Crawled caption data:
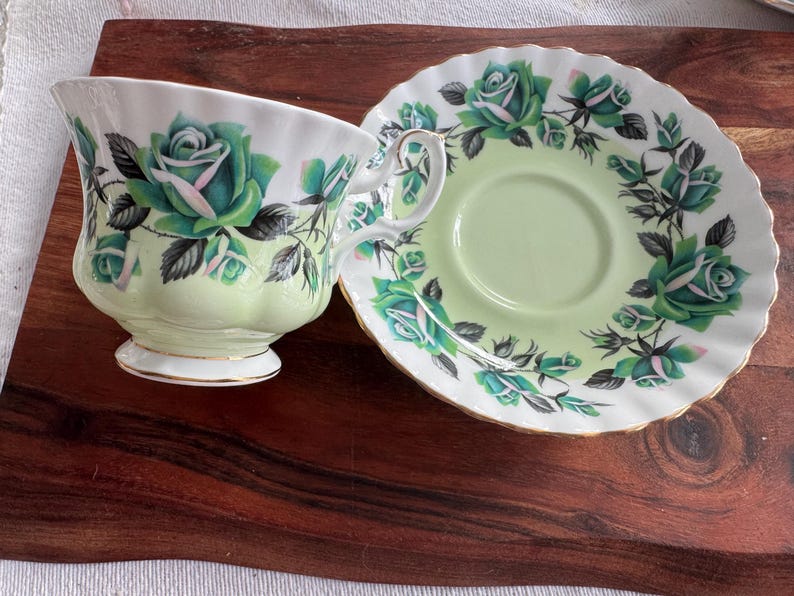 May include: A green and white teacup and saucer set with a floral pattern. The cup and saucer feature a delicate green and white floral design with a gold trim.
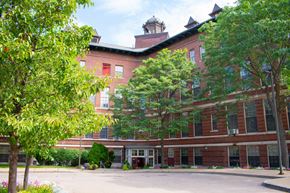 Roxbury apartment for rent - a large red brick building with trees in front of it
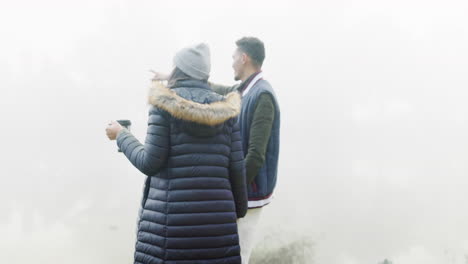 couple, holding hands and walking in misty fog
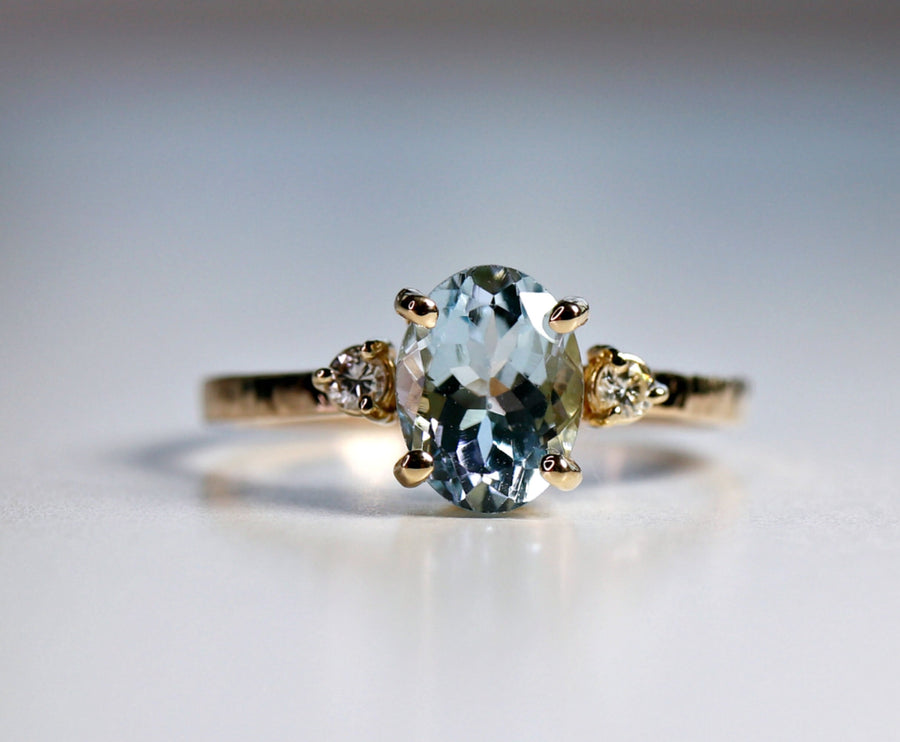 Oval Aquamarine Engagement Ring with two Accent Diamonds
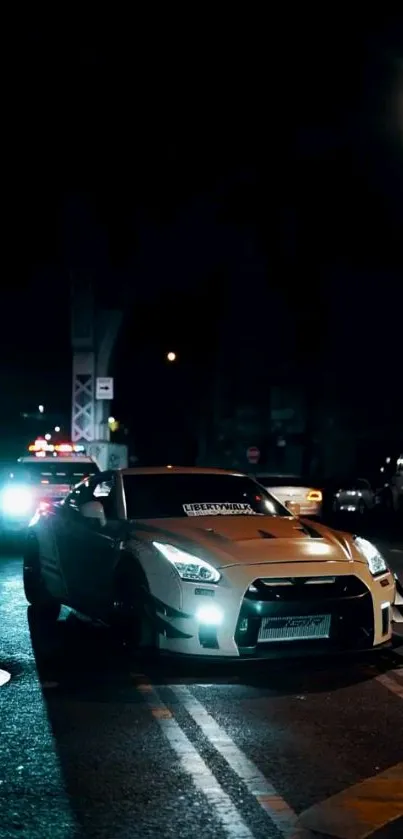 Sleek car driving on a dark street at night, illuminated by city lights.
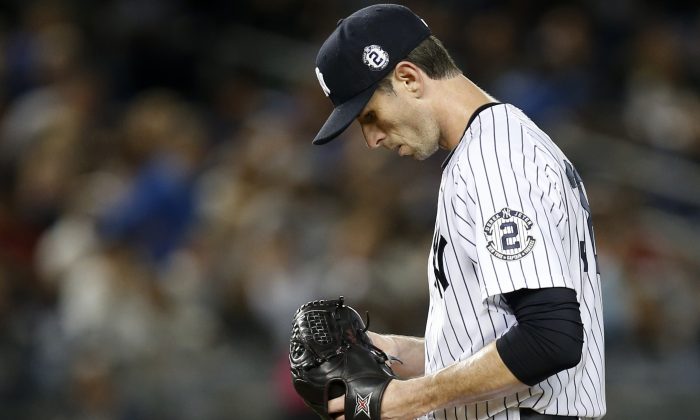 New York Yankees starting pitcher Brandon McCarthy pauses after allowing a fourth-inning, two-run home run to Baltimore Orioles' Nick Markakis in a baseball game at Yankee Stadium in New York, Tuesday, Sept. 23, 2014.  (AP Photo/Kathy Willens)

What is needed: Working from the entries above, reproduce exactly and only the lines beginning with the line that has "couple, holding hands" and ending with the line that has "Sleek car driving"; omit all pictures.

Completed exercise:
 couple, holding hands and walking in misty fog
 Oval Aquamarine Engagement Ring with two Accent Diamonds
 Sleek car driving on a dark street at night, illuminated by city lights.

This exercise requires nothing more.